Guerre de l’information
Notre Danois publie ses chantiers dans Google Scholar, portail cense etre reserve aux universitaires et permettre une circulation ouverte des aptitudes. Interroge avec «Le Temps» sur la presence d’articles a telles consonances sur sa propre plateforme, Google repond que s’il y avait 1 probleme, son systeme d’alerte l’aurait vu.

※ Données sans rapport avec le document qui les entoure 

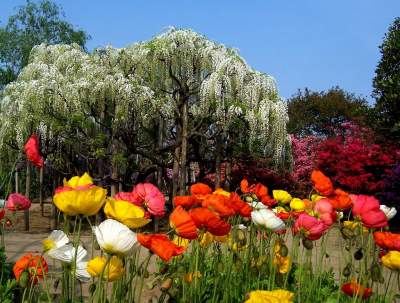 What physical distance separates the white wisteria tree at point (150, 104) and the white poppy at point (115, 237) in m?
9.29

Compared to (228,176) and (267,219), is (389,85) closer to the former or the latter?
(228,176)

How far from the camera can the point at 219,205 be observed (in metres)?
1.88

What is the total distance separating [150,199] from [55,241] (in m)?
0.33

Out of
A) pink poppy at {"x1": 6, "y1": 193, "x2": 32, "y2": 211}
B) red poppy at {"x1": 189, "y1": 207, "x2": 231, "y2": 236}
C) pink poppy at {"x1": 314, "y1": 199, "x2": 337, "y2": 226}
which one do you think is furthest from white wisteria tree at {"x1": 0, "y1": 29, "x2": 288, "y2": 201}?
red poppy at {"x1": 189, "y1": 207, "x2": 231, "y2": 236}

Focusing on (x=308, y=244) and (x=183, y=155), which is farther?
(x=183, y=155)

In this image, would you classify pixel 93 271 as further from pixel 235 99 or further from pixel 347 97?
pixel 347 97

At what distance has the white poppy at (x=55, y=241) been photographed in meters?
1.50

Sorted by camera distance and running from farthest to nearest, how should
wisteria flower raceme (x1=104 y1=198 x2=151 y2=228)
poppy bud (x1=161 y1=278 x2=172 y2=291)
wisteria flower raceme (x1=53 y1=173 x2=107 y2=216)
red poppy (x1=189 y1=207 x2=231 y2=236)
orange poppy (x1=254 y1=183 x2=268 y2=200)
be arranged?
1. orange poppy (x1=254 y1=183 x2=268 y2=200)
2. red poppy (x1=189 y1=207 x2=231 y2=236)
3. poppy bud (x1=161 y1=278 x2=172 y2=291)
4. wisteria flower raceme (x1=104 y1=198 x2=151 y2=228)
5. wisteria flower raceme (x1=53 y1=173 x2=107 y2=216)

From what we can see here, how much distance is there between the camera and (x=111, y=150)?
1141 centimetres

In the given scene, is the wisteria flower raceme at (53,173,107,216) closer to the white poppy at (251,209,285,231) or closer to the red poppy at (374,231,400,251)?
the white poppy at (251,209,285,231)

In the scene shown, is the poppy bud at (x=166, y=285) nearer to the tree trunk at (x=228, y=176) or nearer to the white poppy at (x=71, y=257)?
the white poppy at (x=71, y=257)

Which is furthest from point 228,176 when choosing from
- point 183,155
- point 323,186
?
point 323,186

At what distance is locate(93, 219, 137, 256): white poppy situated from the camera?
1257 mm

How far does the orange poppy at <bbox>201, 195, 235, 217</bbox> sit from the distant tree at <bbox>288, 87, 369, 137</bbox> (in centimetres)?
2294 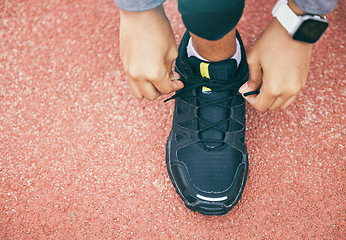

Kirkegaard a egalement cree trois revues «scientifiques»: Open Psychology, Open Behavioral genetics et Open quantitative Sociology and political science. Au monde une recherche, etre publie dans une revue signifie la validation d’un article par ses pairs. Creer sa propre revue va permettre d’echapper a ce circuit. «Emil Kirkegaard se donne l’apparence de respectabilite, aussi qu’il n’en a pas grand chose. Apres les fake news, la fake science», poursuit Paul-Olivier Dehaye. «Une guerre de l’information reste en lei§ons. Beaucoup de publications scientifiques autoproclamees apparaissent en ce moment, au but de defendre un but ideologique precis, ajoute Petter Bae Brandtzaeg, chercheur au SINTEF en Norvege, ainsi, professionnel des fake news. Ca a commence avec les climatosceptiques et se poursuit aujourd’hui au milieu des suprematistes. Le monde une science traverse la meme crise de confiance que le monde des medias, ainsi, les chercheurs seront accuses d’etre biaises ou trop a gauche. Plusieurs cherchent donc a creer un espace anti-establishment».